To configure the certificate connector, use the Certificate Connector for Microsoft Intune wizard. The configuration will start automatically if you choose to Configure Now in the previous step, or you can manually launch it by opening an elevated command prompt and running the below command:

  • The Certificate Connector for Microsoft Intune wizard will start with the Welcome page. Click Next to start the configuration wizard:
  • On Features, select the checkbox for each connector feature you want to install on this server, and then select Next
  •  On the Proxy page, add details for your proxy server if you require a proxy for internet access.
  • Next, on the Prerequisites page, the wizard runs several checks on the server before the configuration can begin. Review and resolve any errors or warnings received before you continue.
  • The next screen is the Azure AD Sign-In page; use the default Public Commercial Cloud for Environment., and then select Sign In. The user account must be a Global Admin or an Intune Admin with an Intune license assigned, and the user must be a synchronized account from your On-Prem Active Directory.
  • On the Configure page, the wizard applies the configuration to the connector for Intune.
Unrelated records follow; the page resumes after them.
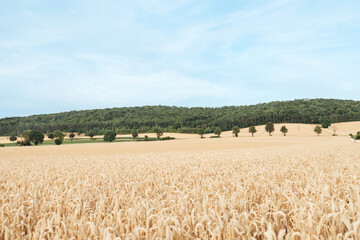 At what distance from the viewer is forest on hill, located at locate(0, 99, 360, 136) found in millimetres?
125875

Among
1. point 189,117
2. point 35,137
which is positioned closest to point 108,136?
point 35,137

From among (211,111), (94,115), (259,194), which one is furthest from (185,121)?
(259,194)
If successful, the utility continues to the Finish page, where you select Exit to complete configuration of the connector. 
  • After the configuration completes successfully and the wizard closes, the Certificate the connector for Microsoft Intune is ready for use.

Verify the New Connector:

The quick & best way to verify is by checking the SCEP URL. All is set if it is giving the expected HTTP 403 error! 

The connector status should also reflect as active and healthy in the MEM Portal, indicating a successful upgrade. 

Once you verify that all the services are running fine, delete the old connector from Intune portal.

That’s all for today. Hope you will find this post useful!